2017 came to close – it was the third year of Crimea occupation. Another year of persecutions, prohibitions and asperities for those Crimeans who have not become reconciled to unlawful Crimea annexation. We may state with regret that the human rights situation in Crimea has deteriorated for the year ended. Searches and arrests of civil activists, independent journalists, representatives of Crimean Tatar national movement, Mejlis members have become an everyday occurrence. Persecutions of the activists, particularly on religious and ethnic grounds, go on. In particular, Muslems undergo repressions, being accused in extremism and connections with Hizb ut-Tahrir which is not prohibited in Ukraine, though declared to be outlaw in Russia. Such accusations have just lead to imprisonment of 25 persons.
According to UN Monitoring Mission, 49 Crimean Tatars were arrested in annexed Crimea on contrived accusations during middle August – middle November 2017. Attempt of detention and search of the household of 82-years old Crimean Tatar Vedzhie Kashka in November, 2017, ended up in disaster.
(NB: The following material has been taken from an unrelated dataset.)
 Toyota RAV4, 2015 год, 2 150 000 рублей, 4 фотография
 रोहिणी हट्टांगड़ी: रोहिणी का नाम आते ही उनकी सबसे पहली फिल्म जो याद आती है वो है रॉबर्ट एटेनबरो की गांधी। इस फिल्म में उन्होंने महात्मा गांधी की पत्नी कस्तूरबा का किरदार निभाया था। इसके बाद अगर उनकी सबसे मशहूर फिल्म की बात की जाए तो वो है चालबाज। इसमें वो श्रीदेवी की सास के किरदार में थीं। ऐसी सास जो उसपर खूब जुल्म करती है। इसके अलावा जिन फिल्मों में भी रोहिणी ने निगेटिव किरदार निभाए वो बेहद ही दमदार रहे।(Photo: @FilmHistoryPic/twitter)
The older woman, veteran of the Crimean Tatar movement, who had fought for repatriation of Crimean Tatars, has died from heart attack on the way to hospital after the representatives of the Russian security services had broken into her household. Several thousand Crimean Tatars from across the peninsula have visited her funerals.
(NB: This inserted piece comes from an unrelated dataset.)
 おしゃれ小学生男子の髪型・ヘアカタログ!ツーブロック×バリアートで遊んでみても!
No less dramatic was the fate of Ukrainian activist Vladimir Balukha, accused in Crimea, who gave up changing his Ukrainian passport to the Russian one and flatly refused to remove Ukrainian flag from his house. In August, 2017, he was convicted to 3.7 years of colony with a strict regime and bound by the fine amounting to RUB 10 thousand for alleged ammunition storage. Right this December Vladimir Balukha was charged with another contrived accusation of ‘disorganization of the operation of detention facilities’ supposedly for hitting the employee of detention facility in the cell during the examination. Currently Balukha faces a yet more severe punishment.
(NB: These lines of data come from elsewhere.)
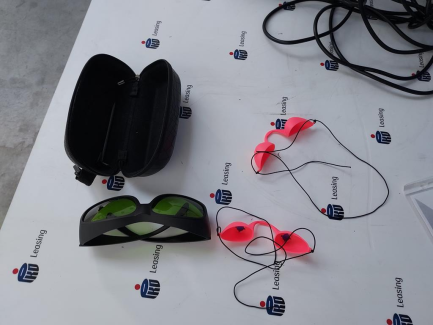 Zdjęcie przedmiotu: A cosmetic device that enables a procedure in which the cold diode laser penetrates into the subcutaneous layers and reduces the body circumference, stimulating the properties of fat cell membranes. STUDIO FIGURA Lipolaser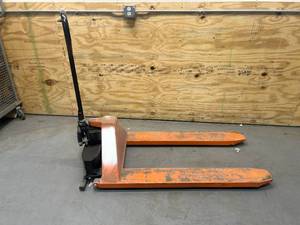 lot 55 image: Pallet Jack (45)
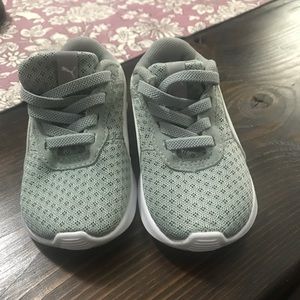 Puma tennis shoes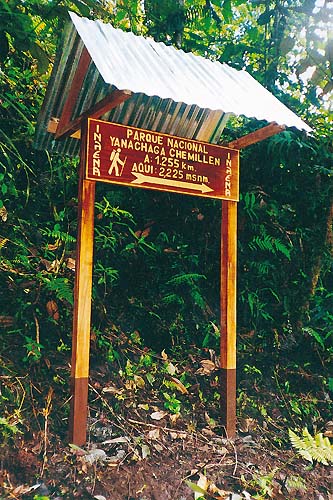 Hinweisschild im Nationalpark Yanachaga-Chemillen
In December, 2017 legal action against Crimean Tatar from Feodosia Suleyman Kadyrov who claimed ‘Crimea is Ukraine!’ in Facebook comments was initiated. Today he is tried for separatism.
Situation around the freedom of speech in Crimea may also be qualified as deplorable. There are no independent media on the peninsula. Any attempts to express an opinion which differs from the official position of the authorities are suppressed. Sentence passed on Nikolay Semena, Crimean journalist of the Radio Liberty and “Крым.Реалии” (Crimea. Realities) in September, 2017, is a striking example. He is conditionally convicted on a charge of separatism for 2.5 years and a half on probation and prohibited to be involved in public activity for 3 years. According to Nikolay Semena, ‘firstly, that is ban on freedom of speech, secondly – a ban on freedom of information, and thirdly – a ban on profession. Such savageness can hardly be possible anywhere in the free world.’ President of the Radio Liberty Europe/Radio Liberty Thomas Kent called this sentence ‘groundless and politically motivated.’ According to him, this fact is another proof of targeted repressions of aggressor state against the residents of the occupied Ukrainian territory of the Autonomous Republic of Crimea and Sevastopol. The case against journalist Semena is a premeditated attempt to talk down self-sufficient voices in Crimea.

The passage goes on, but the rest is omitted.